Easier to buy hog pellets? Sure. But it is even easier to just go to the grocery store and buy pork on foam trays wrapped in plastic....most of us who go through the trouble do so because we want something we can't get in the store....good, healthy meat raised without antibiotics and cruelty. I totally agree with you.

Talk to any area restaurants, grocery stores (they have liability issues so are tough to get stuff from now), bakeries, wholesale distributors, dairies, local gardeners, landscapers (acorns), local farmstand-type farmers, etc. Put ads on your local craigslist in the farm&garden section. Be faithful about picking stuff up once you've obligated yourself, and show lots of appreciation.

Last year a craigslist appeal for acorns netted about 3/4 - 1 ton of acorns, and about 4-500 lbs were delivered and dumped in my field by a landscaper! I just piled them up and let the pigs eat free-choice, so storage and mold were not an issue. There were enough leftovers this spring to start this year's pigs, so you'd better believe that my goal is 2-3 tons this fall since we doubled the number of pigs we raise from 2 to 4.

This year I got 48 boxes of prepper canned goods, each box containing six LARGE cans of food, mostly powdered milk. I also got 55 pails of organic wheat, each with 45 lbs of premium wheat for grinding into flour. All for free.

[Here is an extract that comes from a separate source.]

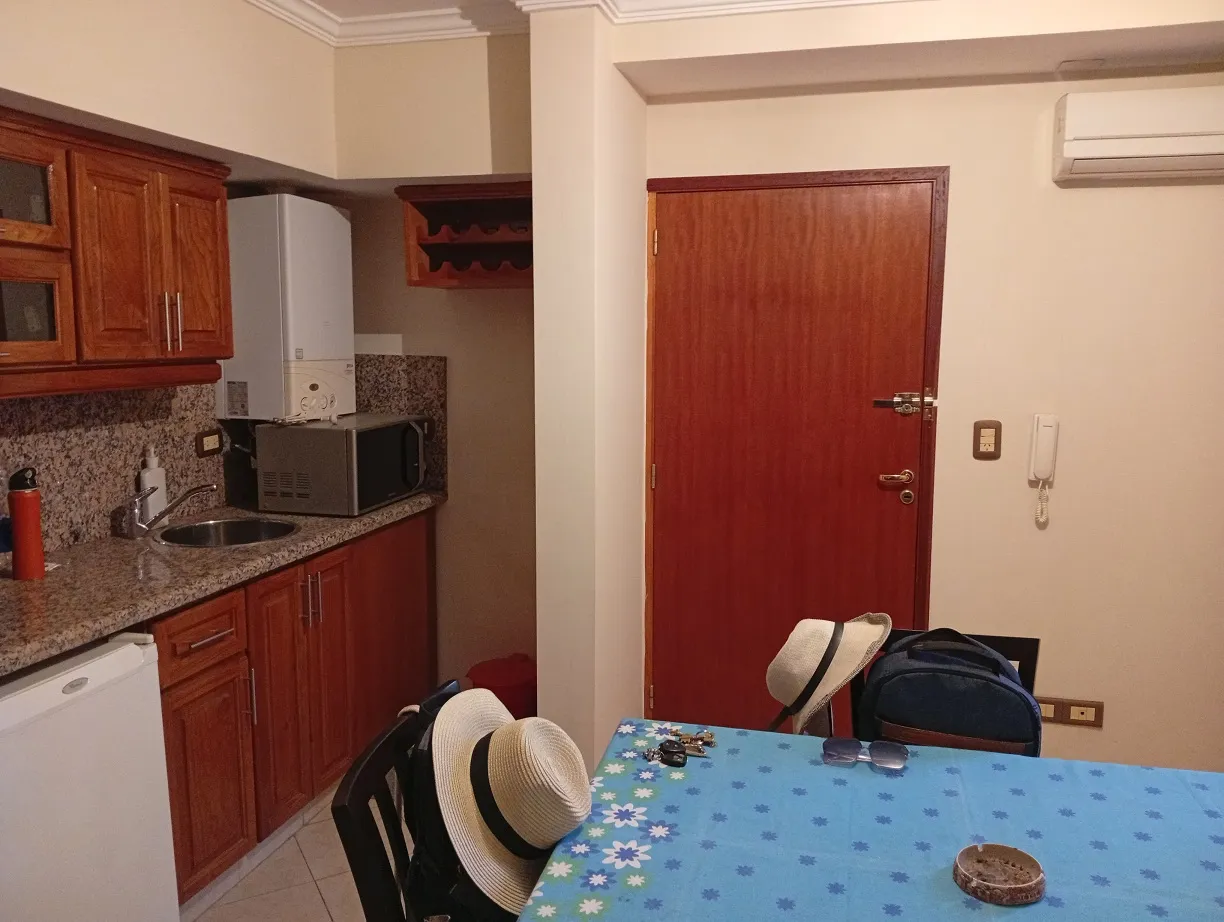 MUY LINDO DEPARTAMENTO EN VENTA EN CARLOS PAZ, 1 DORM. AMOBLADO, CALEFACCIÓN CENTRAL - 2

I just found a wholesale distributor of bread that lets me come fill my car for free. Got about 250 lbs last Tuesday and hope to get even more this coming Tuesday.

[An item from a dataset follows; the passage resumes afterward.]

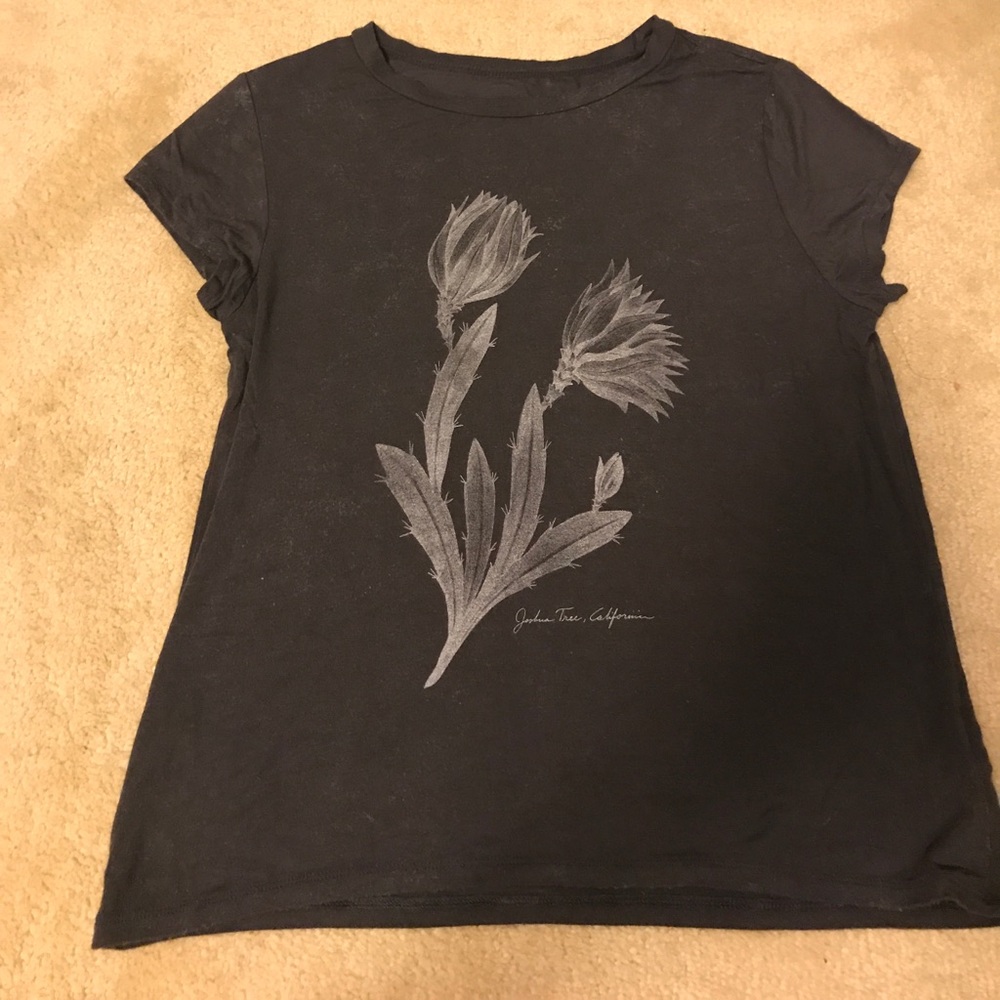 american eagle t shirt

My goats got into my tomato garden last summer and destroyed my crop. I dumped 18 five gallon pails of broken tomatoes into the pig pasture. They ignored them until they liquified, then they snarfed them down. The farmer next door dumped buckets of tomatoes and he and I literally dumped tons of pumpkins and squashes over the fence. They immediately ate the seeds, then waited for the rest of the veggies to liquify before eating them.

We have a bagging mower and so does our neighbor. All chemical-free clippings are used....he parks his wheelbarrow on our driveway and I return it when empty. If I am not mulching my gardens with it, I am feeding it to the pigs and chicks. Clippings should be fed fresh, though. When their pasture is depleted, I scythe grass/clover for them daily.

A local restaurant calls us after banquets about once a week with boxes and pails of leftover salad, peelings, salmon, rolls, cakes, sauces and soups. Pig heaven!

The guy I got my weaners from last year raises his breeding hogs on bread from an organic bakery and milk from an organic dairy, along with rotated pasture, acorns, other stuff.

Yes, cook those eggs. I just throw poopy eggs in a pot and boil them, cool them, and toss them to the pigs shell and all.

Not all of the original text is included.